“Les Conséquences” de Pascal Rambert : un feu d’artifice théâtral
© Louise Quignon
Au Théâtre de la Ville, l’auteur et metteur en scène Pascal Rambert convoque sur l’immense plateau onze comédiens, dont Jacques Weber et Marilú Marini, pour une saga familiale transgénérationnelle qui s’étendra jusqu’en 2029. Corps survoltés, langage brûlant, acteurs habités, font de cette création un extraordinaire moment artistique dans le cadre du Festival d’Automne.
Tempête sous une tente

© Louise Quignon
Tout commence par la mort de la grand-mère qui lisait Heidegger en allemand mais qui cachait des Juifs dans un minuscule appartement rue Jacob durant l’Occupation. Cent cinq ans d’une vie que son fils, Jacques Veber, expédie entre tendresse et détachement, alors que sa petite fille se marie. L’urne en forme de grosse goutte d’eau bleu azur trône au milieu d’une des longues tables qui occupent cette immense salle de restauration cernée d’une bâche en toile plastifiée, dont les ouvertures à fermeture éclair claquent furieusement au vent des passages successifs. La cérémonie de la crémation anticipe le mariage, mort, naissance et mariage se succèdent à la vitesse accélérée d’un métronome compulsif.
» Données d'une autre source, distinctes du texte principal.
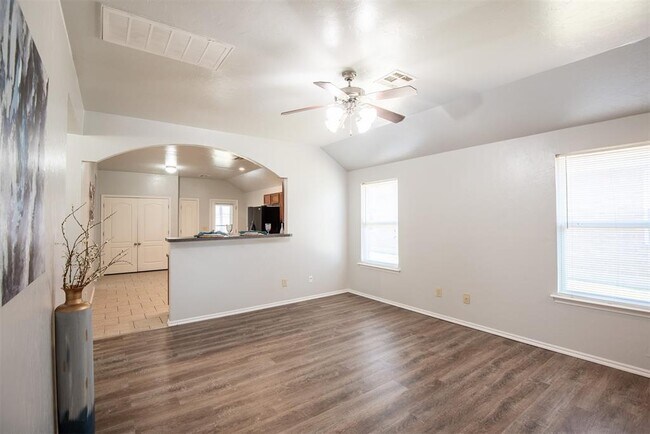 Building Photo - 8109 Frye Ln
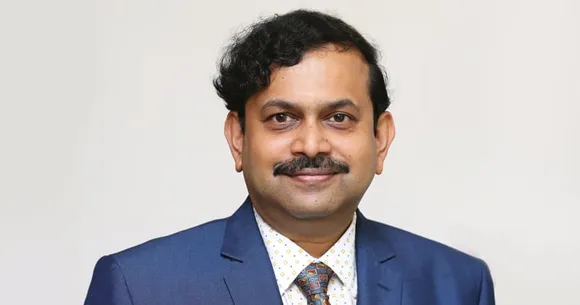 Debabrata-Das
D’ailleurs, sous cette lumière blanche éclatante, chacun des personnages surgit à la vitesse de l’éclair, pour disparaître aussitôt en courant. Seul Jacques (Veber) le patriarche député-maire-psychiatre et linguiste et Marilú (Marini) son épouse semblent posés. Tout comme sa fille Anne (Brochet), entièrement habitée par l’écriture de son roman et délaissant son cabinet de radiologie, alors que sa relation à son mari, Arthur (Nauziciel) est excécrable. Il faut dire que dans le théâtre ardent de Pascal Rambert, les personnages sont les acteurs eux-mêmes, dans ce mille-feuilles étourdissant du théâtre dans le théâtre.
Amour, trahison, rupture et possession

© Louise Quignon
On retrouve le couple d’amoureux mythiques qui ont créé « Clôture de l’amour » en 2011, et qui l’ont jouée aux quatre coins du monde durant treize ans, Audrey Bonnet et Stanislas Nordey, dans une relation conjugale iconique et ravageuse. Audrey, femme fragile et à fleur de peau, est révoltée par toutes les injustices du monde. Elle a fait Normale Sup et a épousé un énarque, Stanislas, envoyé en Corrèze pour avoir pris des positions trop à gauche. L’univers de l’auteur reste un microcosme d’adultes à la tête bien faite, lissée par les grandes écoles de la République. Mais Audrey et Stanislas se battent à mort avec des mots sanglants, des injures et des invectives tranchantes parce que l’épouse n’a jamais cessé de correspondre avec son amour de jeunesse, Laurent (Sauvage) qui a tiré dans les jambes d’un député à la moralité politique douteuse devant le Flore à Saint-Germain. La prison rend désirable le bad boy qui obsède la jeune bourgeoise au grand dam du mari furieux. Ici, le théâtre de boulevard et les portes qui claquent chez Georges Feydeau se transmue en une scène de cinéma aussi cinglante que tragique.
Des acteurs fulgurants

© Louise Quignon
On pourrait relever de trop nombreuses références, attendues, sur la vie politique et la déliquescence des idées aujourd’hui, sur la montée en puissance de la droite radicale et la radicalité des égoïsmes planétaires. Soit. Mais l’interprétation des comédiens se révèle si juste, si sincère, si engagée, que la pièce entière se déguste avec un grand bonheur de spectateur. Rambert évoque beaucoup d’événements, traverse les relations familiales, conjugales, explore l’intime dans ses secrets les plus dérangeants. Et ses acteurs portent le texte à pleine voix, le corps en mouvement constant, comme les danseurs d’une langue qui constitue en même temps une arme et un bouclier. Les mots claquent et les acteurs dansent sur le langage, le chantent, le hurlent ou le poétisent. Marilú Marini royale, détachant avec son accent précieux chaque mot avec la gourmandise d’une grande artiste ; Jacques Veber, émouvant et vibrant, sobre, tout droit sorti de la Cerisaie de Tchekhov. A leurs côtés, Audrey Bonnet et Stanislas Nordey, ardents et impérieux, Anne Brochet et Arthur Nauzyciel, Laurent Sauvage, formidables de vivacité et de vérité, puis Paul Fougère, Lena Garrel, Jisca Kalvanda et Mathilde Viseux, jeunes comédiens sortis du TNB ou du TNS pour lesquels l’auteur a écrit des rôles ces dernières années. On rit souvent, on est époustouflés par une telle énergie qui est celle de la vie et de la fiction théâtrale.